There have been a hell of a lot of business that have built themselves on the backs of social media and when Facebook decides to make dramatic changes like this, these companies can be put in dire straits overnight.
Facebook is not the only example. YouTube is a wonderful example too. So much of the content we see on YouTube is produced by professional YouTubers. People that make their living doing it. Some become very wealthy on the back of YouTube. But the constant changes to the user interface is a source of stress and changes to the algorithm is a serious risk to those attempting to earn a living through the platform. Dan Hardcastle talks about his frustrations in this 20 minute video
The fact is, websites like Facebook, Twitter and YouTube form the very landscape of the internet. It’s like trying to build a house on somebody else’s land while they’re actively digging it up… except you’re also an ant and they wouldn’t even notice if they picked you up with the shovel and tossed you over the fence. It’s not so bad if you’re a large company. If you have money then you have power to persuade and a voice that will be heard. If you’re a startup or an independent SME struggling against the entrenched giants then Facebook can kill you just by rolling over.

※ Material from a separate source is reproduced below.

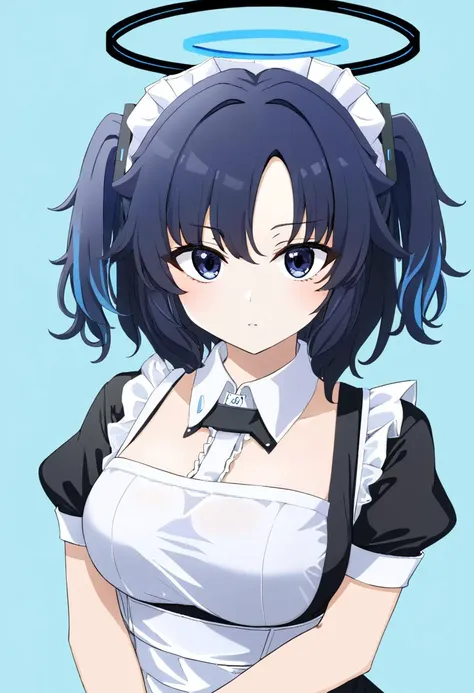 (yuuka:1.3) 1girl, upper body, halo, blue black hair, maid, simple background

If you believe as I do that the internet is not merely a tool and not merely a way to watch your favorite movies more or less legally, then you know what I mean when I say that the internet is a human right. It is too powerful to be left to corporate interests. As much as we love capitalism in The West, I love innovation and social mobility far more. The current landscape is unstable and it’s going to stifle and kill small businesses.
Social media is the public space of the internet. It’s the parks and the street markets. It’s the tree with the picture of the missing cat stapled to it and it’s something completely new as well. It’s a way for a company to build a brand. To reach out to people and a way for them to have a voice against all the noise. The public trusts social media far too much. We should be extremely uncomfortable giving so much of our time, thought and trust to these gargantuan private companies, when they’re selling our screen space for pennies to anybody that forks over enough cash. I’ve lost count of the number of times I’ve seen scams being advertised under the name of Elon Musk or Bill Gates promising me that I’ll rich quick.
We need to take back our public spaces. The only way for the public to be treated like anything other than cattle on the internet, is for us to take ownership of it.
A vastly oversimplified proposal could be this:
Funding from charities and donations
Open source code
Open source servers
That’s probably not a robust enough solution - but this is something that we need to start talking about. And once we find a solution, we can start to feel that we have some stability on the internet.